Supporters wore green "I support Centennial" stickers and opponents wore red stickers saying #StopCentennial and displaying the image of a condor, an endangered species in the area.
Supervisor Sheila Kuehl cast the lone dissenting vote, saying the destructive Woolsey Fire in her district had brought the project into focus for her. She said it wasn't wise to build a city in such a remote location. She also doubted promises that half the people living there would be able to work locally.
"I think it's a little bit of pie in the sky," Kuehl said. "There's an enormous number of things wrong with this project."
Construction that has spread into mountainous forests and chaparral-covered canyons outside urban areas in recent decades has frequently been criticized as short-sighted after destructive wildfires.
Retiring Department of Forestry and Fire Protection Director Ken Pimlott told The Associated Press on Monday that government officials should consider banning such construction, though he wasn't referring to any specific project.

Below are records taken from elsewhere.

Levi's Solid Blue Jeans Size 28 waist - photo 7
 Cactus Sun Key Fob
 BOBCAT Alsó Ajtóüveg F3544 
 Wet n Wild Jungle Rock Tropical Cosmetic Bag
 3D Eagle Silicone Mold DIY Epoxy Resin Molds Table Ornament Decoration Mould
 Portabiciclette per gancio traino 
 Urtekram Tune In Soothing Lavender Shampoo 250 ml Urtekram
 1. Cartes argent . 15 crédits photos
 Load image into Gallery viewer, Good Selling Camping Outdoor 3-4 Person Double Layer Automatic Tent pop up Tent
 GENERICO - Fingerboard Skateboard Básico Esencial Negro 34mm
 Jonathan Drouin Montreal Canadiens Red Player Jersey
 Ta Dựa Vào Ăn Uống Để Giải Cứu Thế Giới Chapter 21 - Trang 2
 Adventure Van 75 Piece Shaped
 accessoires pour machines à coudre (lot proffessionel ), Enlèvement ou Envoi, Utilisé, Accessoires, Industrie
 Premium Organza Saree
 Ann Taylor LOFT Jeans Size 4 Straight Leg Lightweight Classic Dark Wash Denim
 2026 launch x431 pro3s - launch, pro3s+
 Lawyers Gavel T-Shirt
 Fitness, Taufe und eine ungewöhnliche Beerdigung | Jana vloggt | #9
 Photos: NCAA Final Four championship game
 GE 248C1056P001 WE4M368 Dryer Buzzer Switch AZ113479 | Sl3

Fresh on the minds of many speakers at the board meeting was the death and devastation last month from the Woolsey Fire that ripped through Malibu and the Santa Monica Mountains nearby and the Camp Fire in Northern California that killed at least 86 people, destroyed almost 14,000 homes and laid waste to the city of Paradise.
Vicki Kirschenbaum referred to the loss of Paradise when she asked supervisors to imagine months of drought, soaring temperatures and a neglected campfire getting out of control.